Avreste mai detto che “stiamo freschi” fosse un’espressione di derivazione dantesca? E che dire di “rompere il ghiaccio”, “avere grilli per la testa” e “compagnia bella”? Andiamo alla scoperta di queste e altre frasi idiomatiche, usate ancora oggi nella lingua italiana, che sono arrivate fino a noi grazie alla grande letteratura

Se c’è una cosa difficile da spiegare a chi non è di madrelingua italiana sono le espressioni idiomatiche che la caratterizzano, ovvero i modi di dire del nostro sistema linguistico e culturale che hanno un significato metaforico o traslato, e che tradotti in modo letterale non risultano subito chiari.

La questione si fa ancora più complessa, e quindi più interessante, quando le locuzioni in questione affondano le loro origini nella grande letteratura, e si configurano quindi come vere e proprie citazioni d’autore, che con il passare del tempo sono poi entrate nella parlata quotidiana.

Certamente vi saranno già venuti in mente decine di esempi, fra cui “tutto è bene quel che finisce bene” (che deriva da un’omonima opera di Shakespeare) o “fatti non foste a viver come bruti” e “lasciate ogne speranza, voi ch’intrate“, entrambe frasi provenienti dalla Divina Commedia.

Avreste mai detto, però, che anche sintagmi apparentemente moderni o lontani dal mondo della cultura, come per esempio “stiamo freschi“, potrebbero affondare le loro radici tra le pagine di un libro?
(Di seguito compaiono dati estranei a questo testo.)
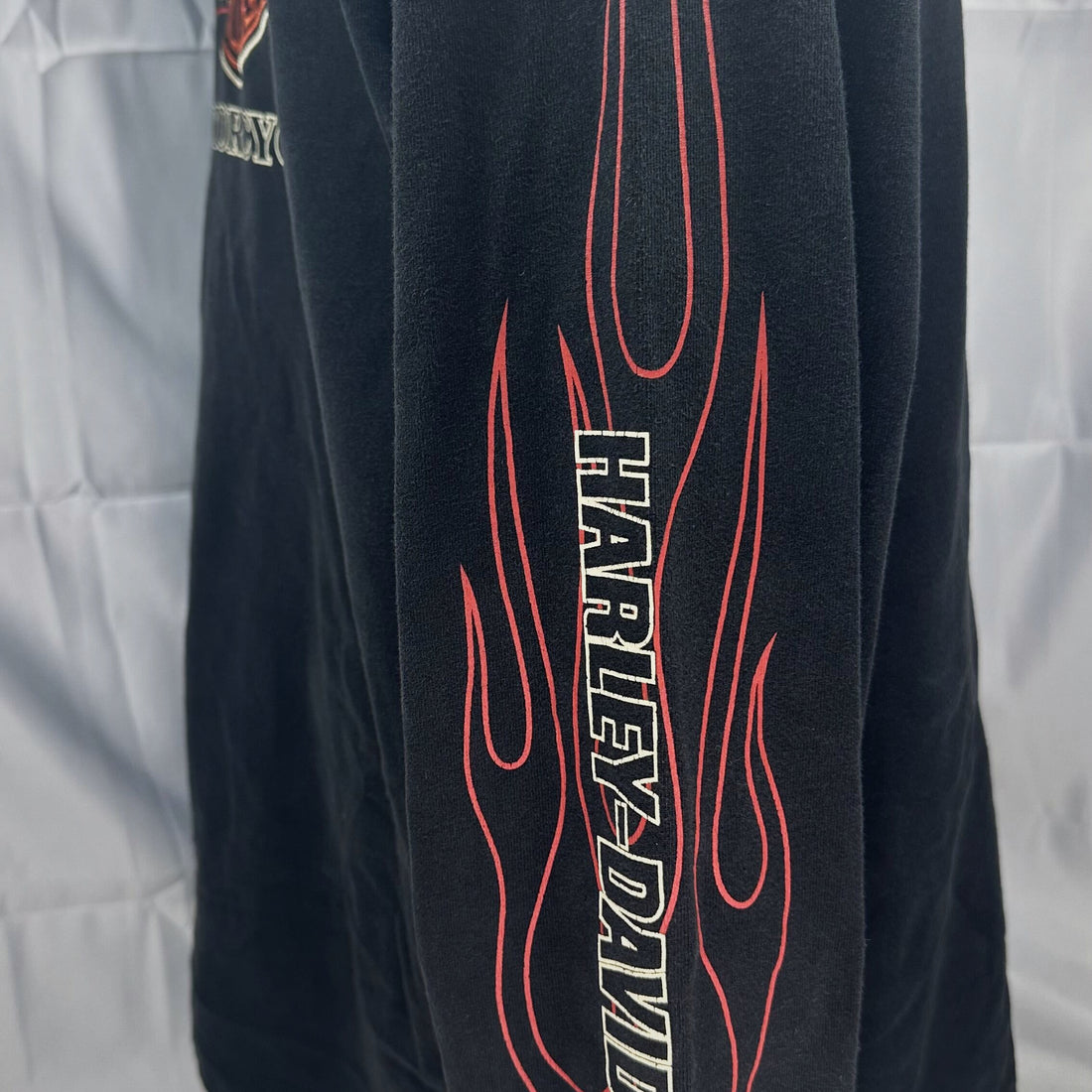 HARLEY-DAVIDSON FLAME SLEEVE EMBROIDERED LOGO LS M 袖の炎 プリント
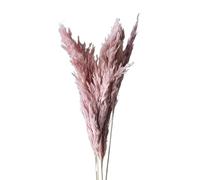LuminaCreek Pampas Grass Large 45cm Natural Fluffy Pampas Secca Vere Erbe Multicolori di Lusso Bouquet for Matrimoni Feste Casa Interni Decorazioni Foto Accessori(Plum,4-5pcs)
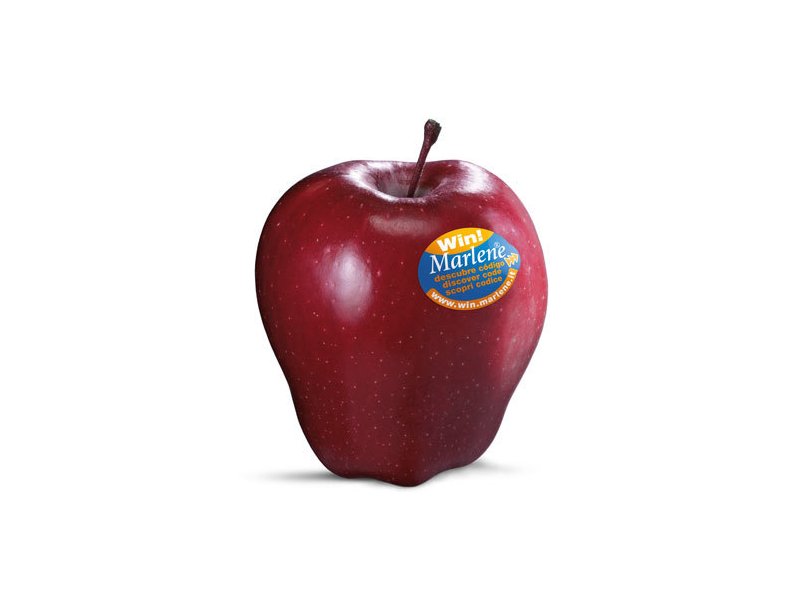 Vog: buone le premesse per la stagione 2014/15 Vog: buone le premesse per la stagione 2014/15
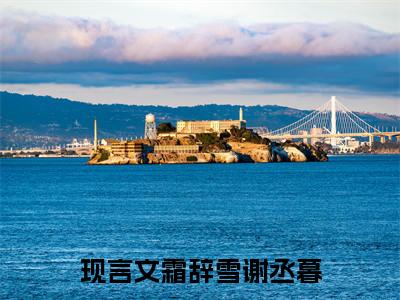 霜辞雪谢丞暮小说全文(霜辞雪谢丞暮)全文免费阅读无弹窗大结局_ 霜辞雪谢丞暮全文免费阅读最新章节列表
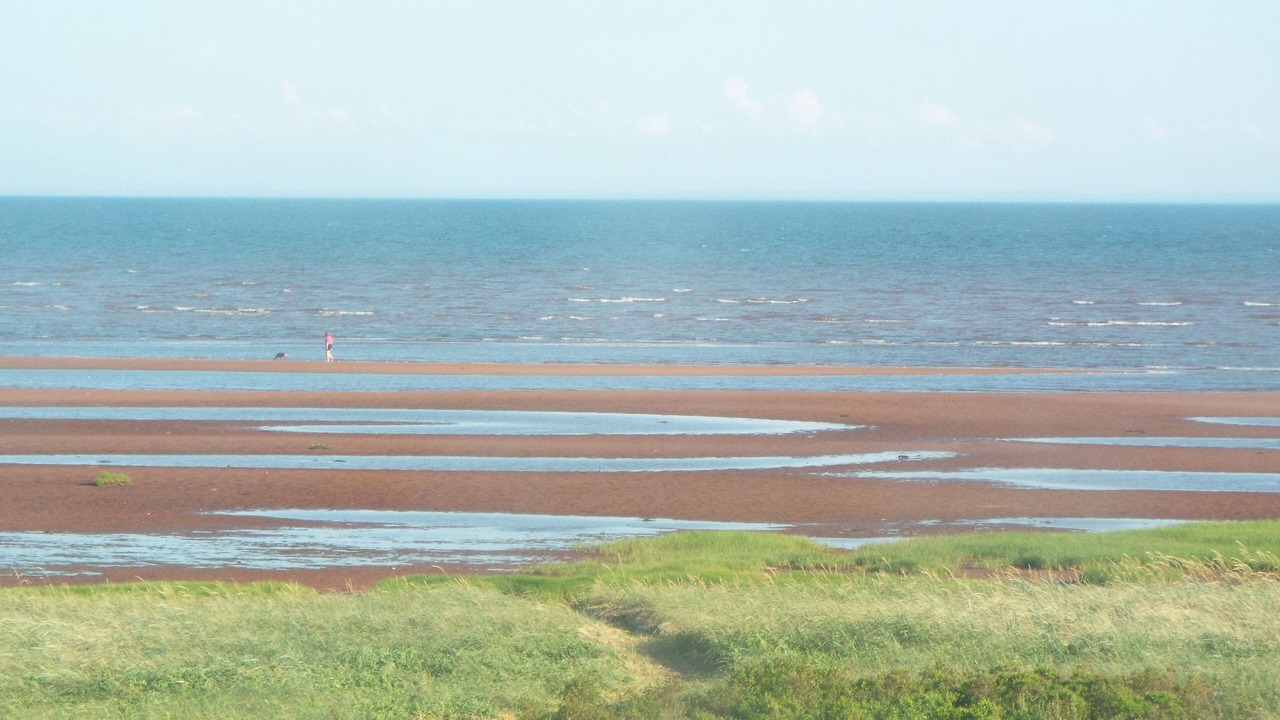 Photo of Others in Augustine Cove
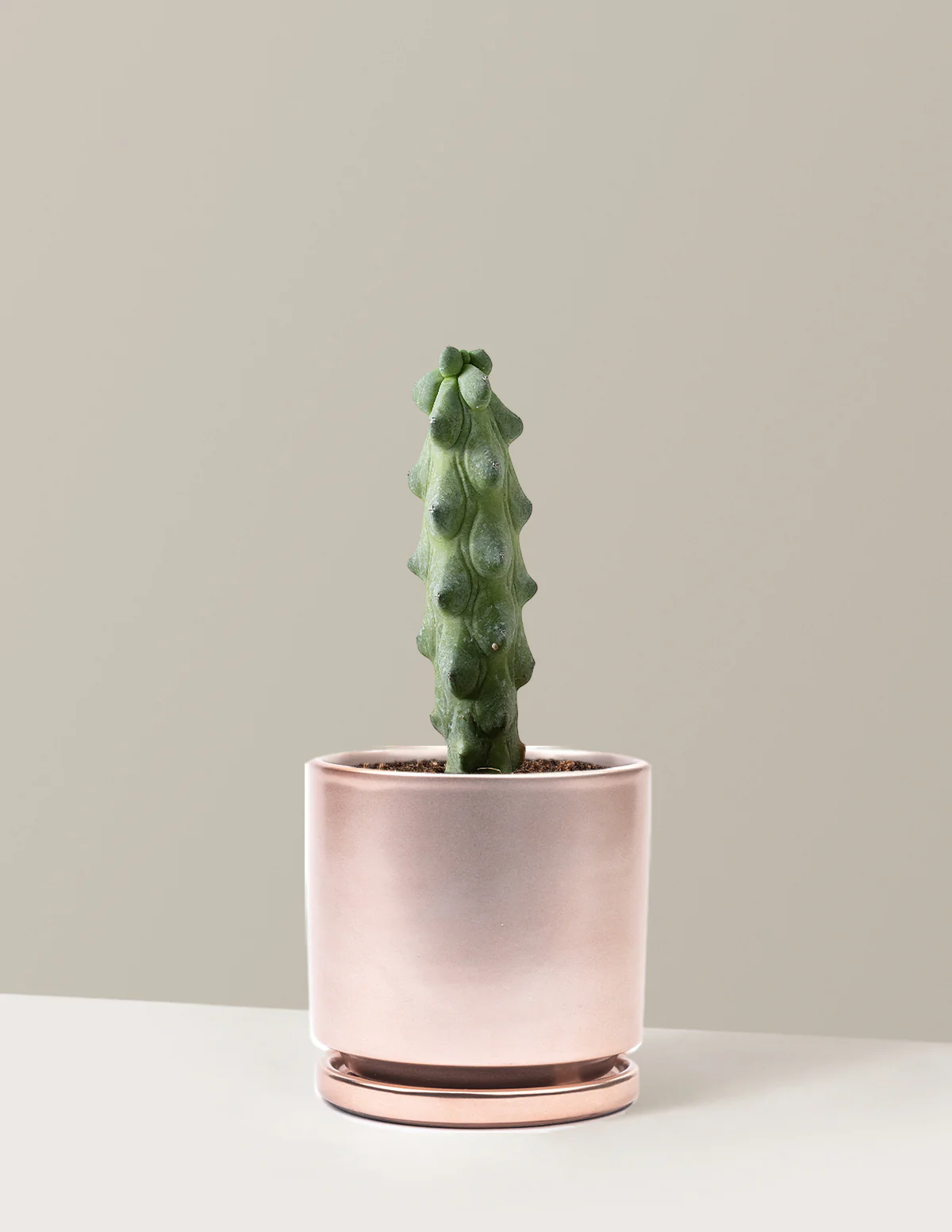 Boobie Cactus - Image 3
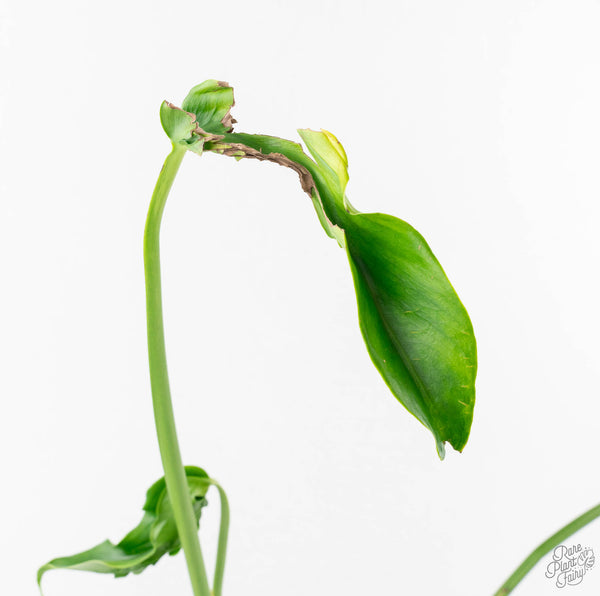 Monstera Deliciosa 'Hurricane' (wk11-UL)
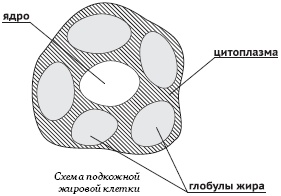 Питание и долголетие Питание и долголетие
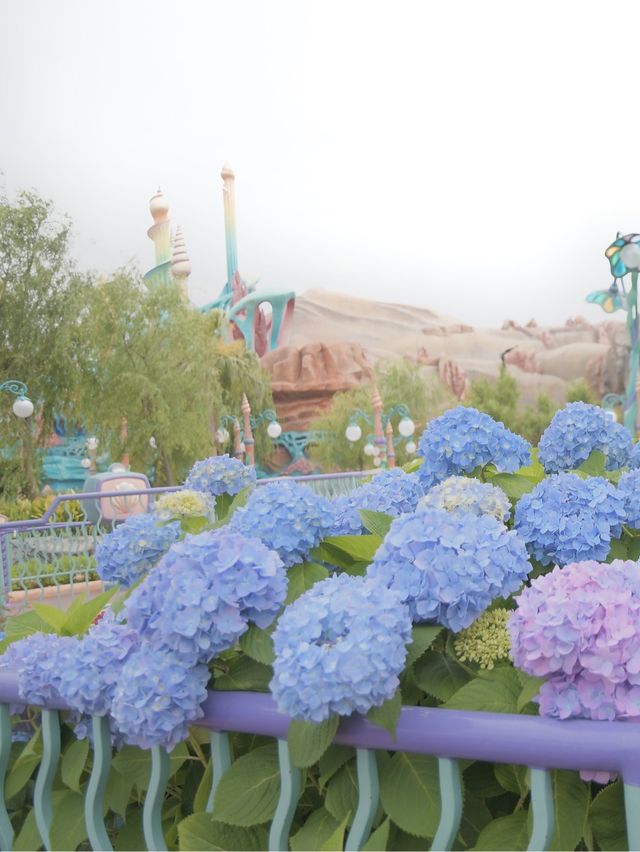 TDRのオススメお花スポット6月〜バージョン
Ecco di seguito alcuni tra i più curiosi di questi casi…

“Stiamo freschi”

Forse non ci crederete, eppure questo modo di dire risale a una delle opere più celebri della letteratura italiana, ovvero la Commedia dantesca. Al verso 117 del canto XXXII dell’Inferno, infatti, vengono descritti i dannati che si trovano presso il lago di Cocito (“un lago che per gelo avea di vetro e non d’acqua sembiante”), e che stanno tanto più immersi nell’acqua fredda quanto più gravi sono stati i loro peccati in vita. Questo è il motivo per cui Dante Alighieri (1265-1321) descrive il luogo come quello in cui “i peccatori stanno freschi“.

“Altro che storie”

Restiamo sempre in Italia, ma ci spostiamo nel XX secolo. Tra il 1958 e il 1959, infatti, lo scrittore, saggista e partigiano Carlo Cassola (1917-1987) scrisse il romanzo La ragazza di Bube, che tra le sue tante mirabili pagine conteneva anche la battuta di un dialogo piuttosto colorito, nel quale si rimarcava la verità di un fatto contestato attraverso questa locuzione: “Ma che c’entrava esser poveri? È che erano sudici, altro che storie!“. Fu così che l’espressione, comunque già esistente, diventò sempre più di uso comune.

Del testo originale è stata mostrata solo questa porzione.